Aim of the exercise: Your transcription must include every record word for word and no pictures.

[[ Extracted data open ]]

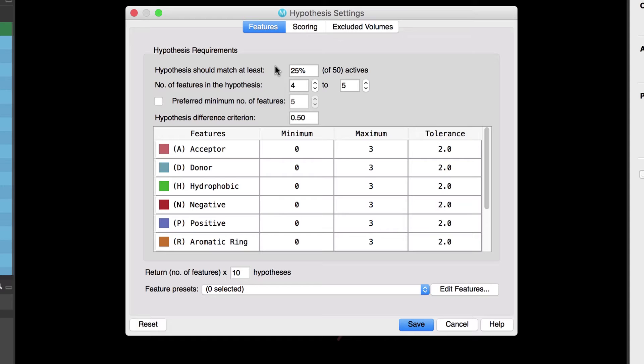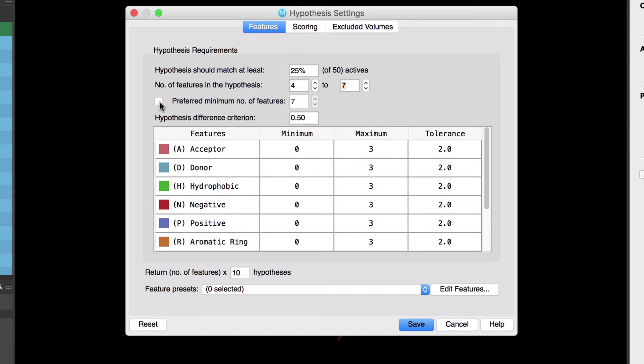And we'll want to allow flexibility in the number of features in any given hypothesis so let's set a wider range for the number of features in the hypothesis to range from four to seven. But then we'll set the preferred minimum number of features to five.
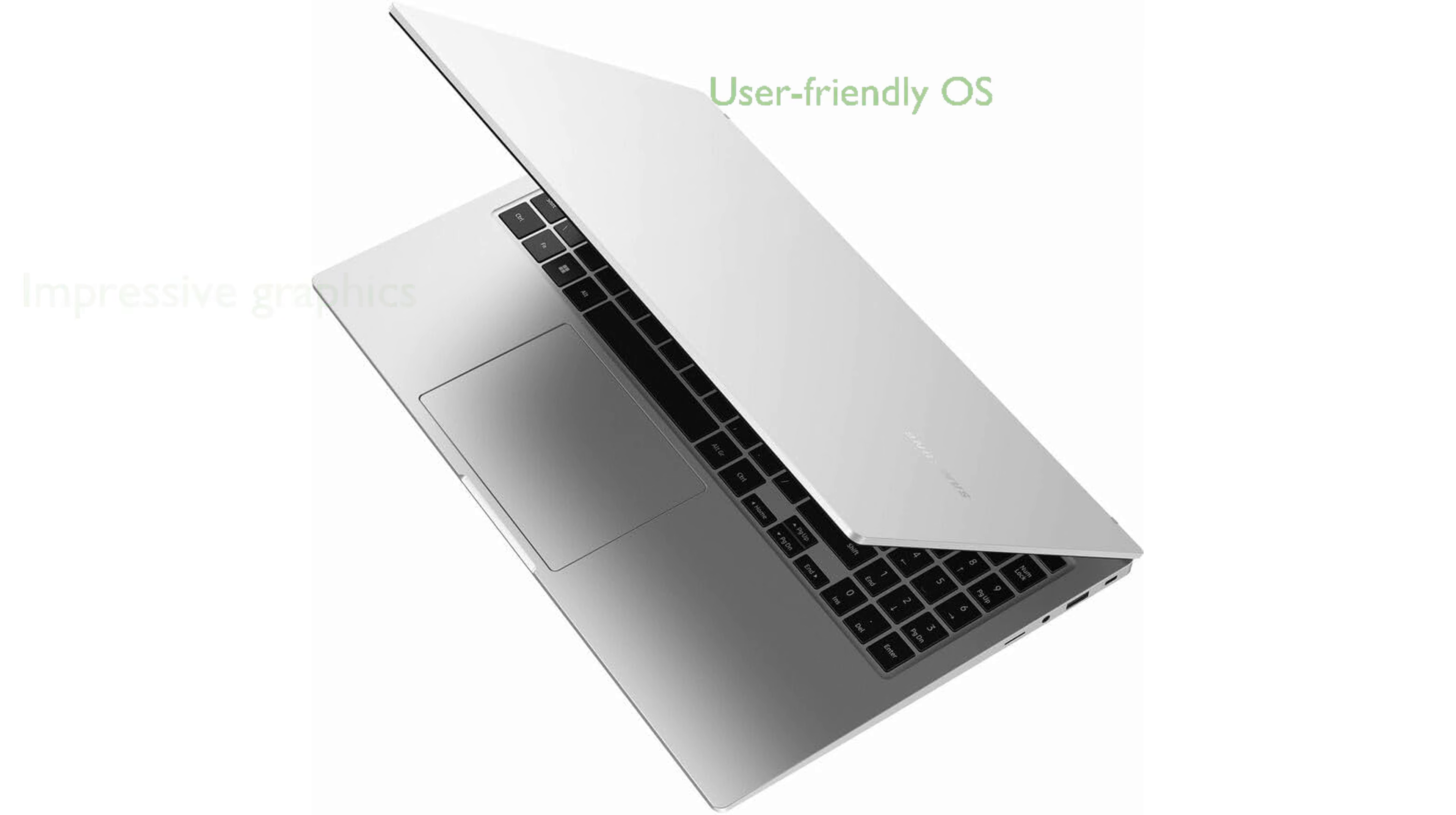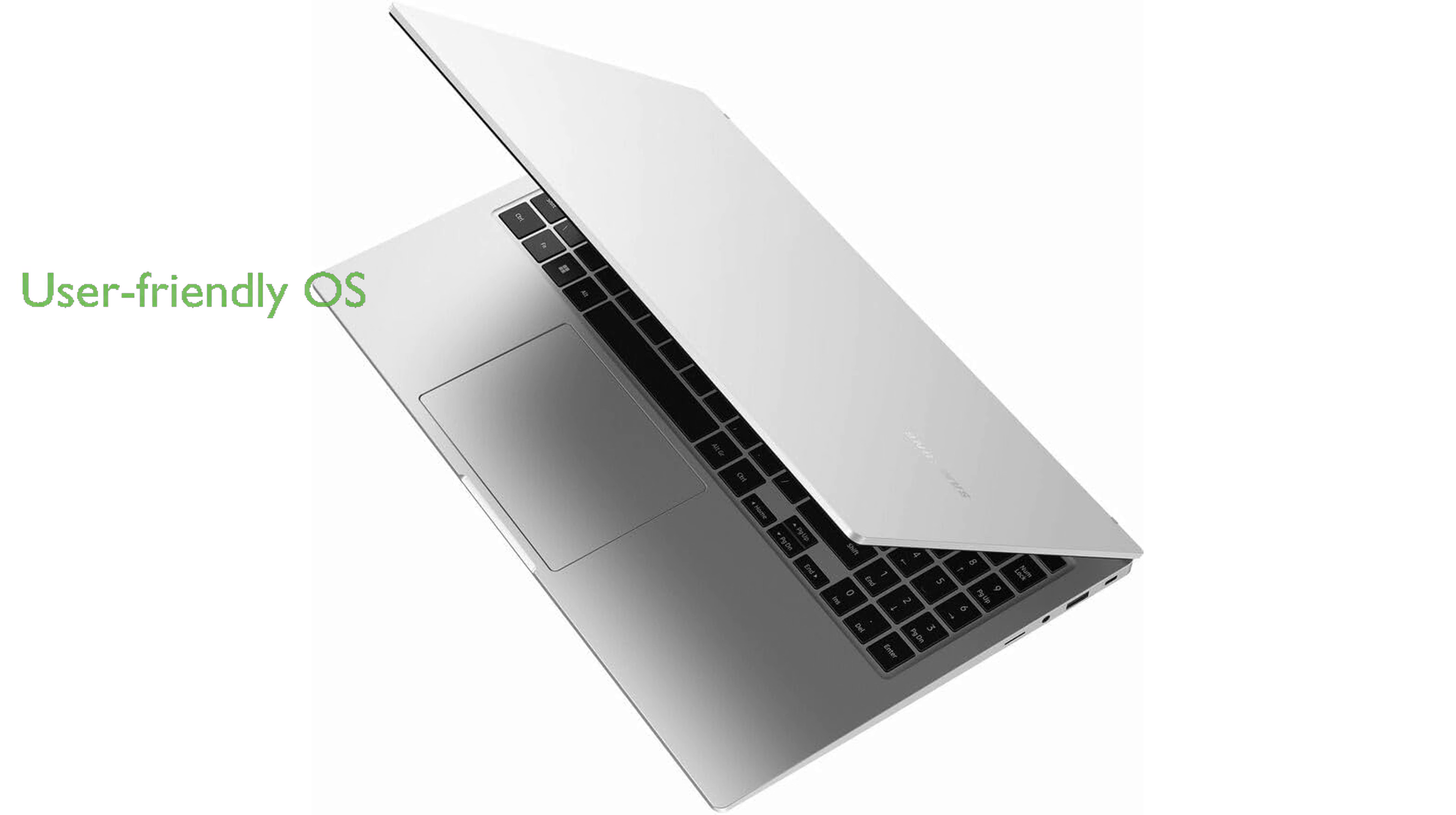Running on Windows 11 Pro, this laptop offers a secure and user-friendly operating system for business and personal use.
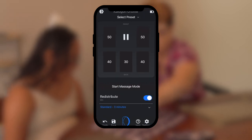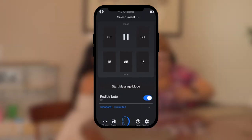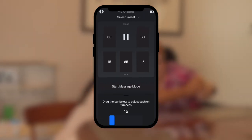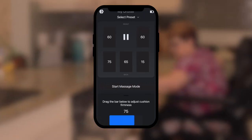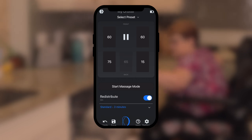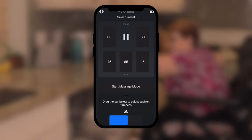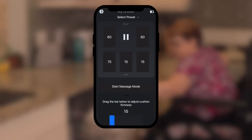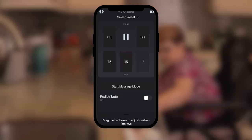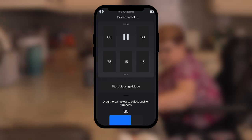You will then be prompted to choose your setting by tapping on each space that represents each bladder in your new Orbiter. Adjust each bladder by sliding side to side the bar at the bottom of the screen.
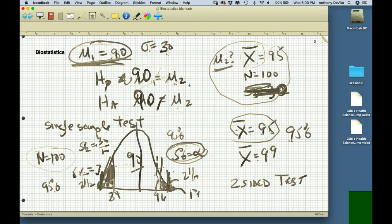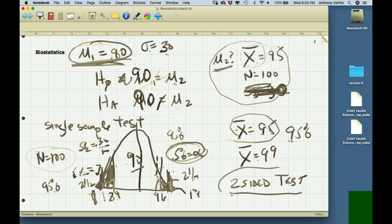What if the mean for this sample had been 99? The probability that you would get a value that extreme might be only 1% of the time. Since we're not judging ahead of time whether one group is higher or lower — we're just saying equal or not equal — there's also a 1% chance at the other end of the distribution. This is what we call a two-sided test. Most of the time, perhaps 99% of the time, you're going to do two-sided tests.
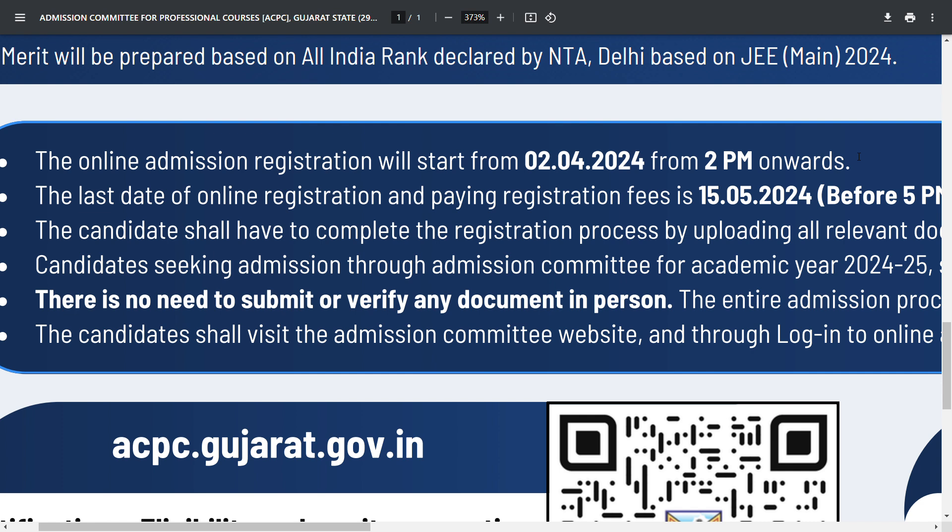The second point: the last date of online registration and paying the registration fee is 15th of May before 5pm.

[[ Extracted data closed ]]

Task answer:
And we'll want to allow flexibility in the number of features in any given hypothesis so let's set a wider range for the number of features in the hypothesis to range from four to seven. But then we'll set the preferred minimum number of features to five.
Running on Windows 11 Pro, this laptop offers a secure and user-friendly operating system for business and personal use.
You will then be prompted to choose your setting by tapping on each space that represents each bladder in your new Orbiter. Adjust each bladder by sliding side to side the bar at the bottom of the screen.
What if the mean for this sample had been 99? The probability that you would get a value that extreme might be only 1% of the time. Since we're not judging ahead of time whether one group is higher or lower — we're just saying equal or not equal — there's also a 1% chance at the other end of the distribution. This is what we call a two-sided test. Most of the time, perhaps 99% of the time, you're going to do two-sided tests.
The second point: the last date of online registration and paying the registration fee is 15th of May before 5pm.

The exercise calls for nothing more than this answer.